The Grid Tech 150 - Identifying the Leading Utility Partners and Applications

Paul Sayour | September 2022

In a decade from now, the power sector could be a very different place.

Imagine an energy landscape, where production from abundant wind and solar resources is forecasted real-time by AI-driven prediction algorithms to successfully leverage grid-scale storage, match current energy demand, and solve the challenges of diurnal variability. Rather than suffer an unexpected catastrophic failure of a piece of rotating piece of equipment on an offshore turbine, utility asset management teams predict the issue days in advance using a digital replica of the asset to run scenario testing and identify failure modes. A field worker that has been trained for this exact job using Virtual Reality simulations is then deployed to repair the machinery, equipped with an Augmented Reality embedded hardhat that displays step-by-step directions and highlights danger zones to avoid during the operation.

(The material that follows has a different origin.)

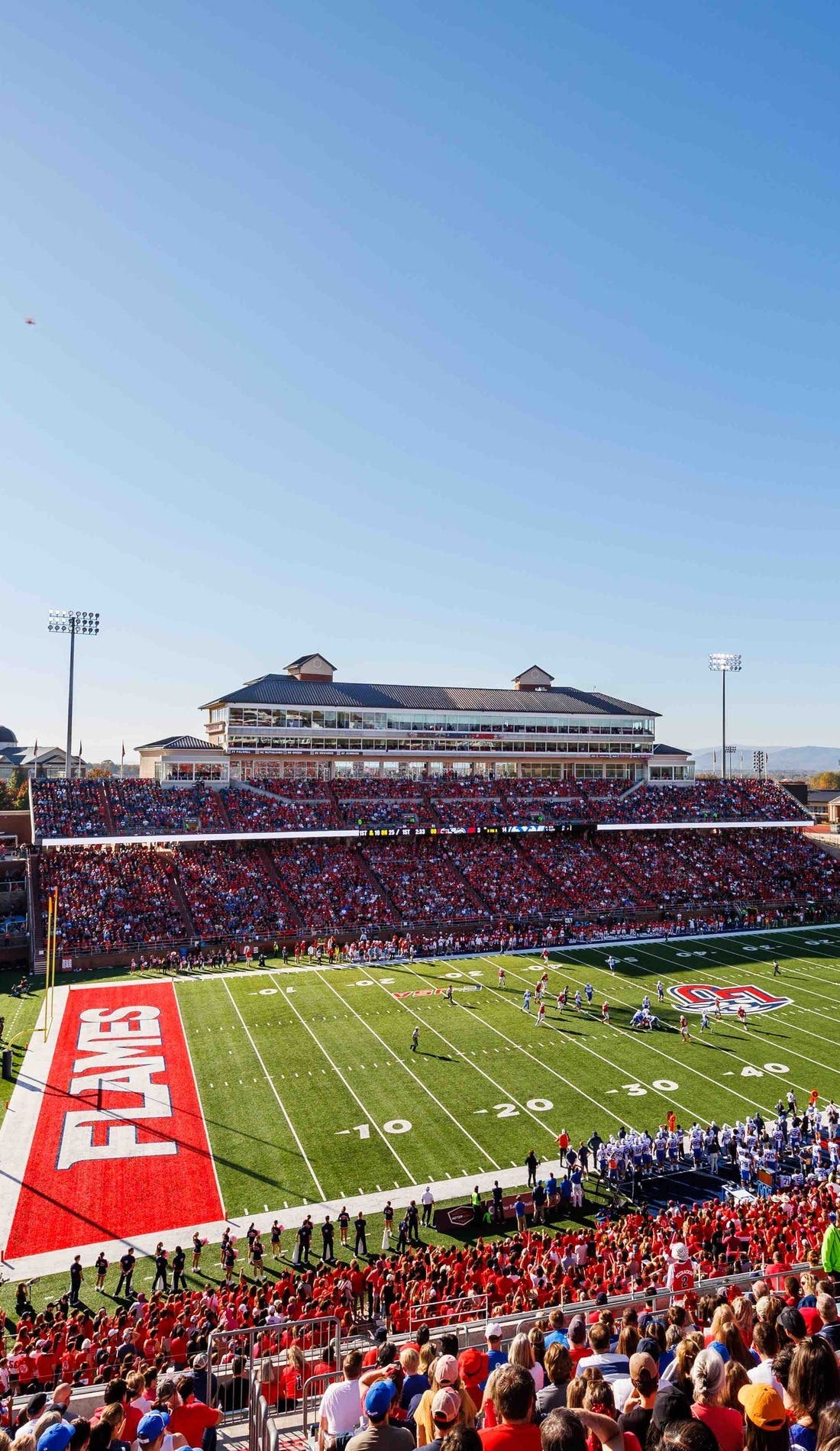 Vue d'un siège à un match Liberty Flames Football contre Auburn Tigers Football, montrant les équipes en action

While the turbine is down during planned maintenance, instead of powering up a fossil fuel peaker plant to compensate for lost capacity, the local utility aggregates prolific residential DERs to be auto-dispatched in concert, satisfying real-time energy demand and supply predictions of renewable resources. These DERs include a plethora of EV’s that are interconnected to the grid with vehicle-to-grid (V2G) capabilities, functioning as batteries that can provide much needed capacity or ancillary services to the grid in times of need. Especially during summer months, when heat waves cause demand surges in populous regions, energy stuck in congested transmission and distribution lines is rerouted to open lines through optimized power flow controls, eliminating congestion charges and reducing customer outages. All the while, independent grid operators and utility energy managers have complete real-time visibility of regional energy flow, wholesale market transactions, outage areas, and customer DER locations, ensuring carbon-free, reliable, and cost-efficient power for their customers.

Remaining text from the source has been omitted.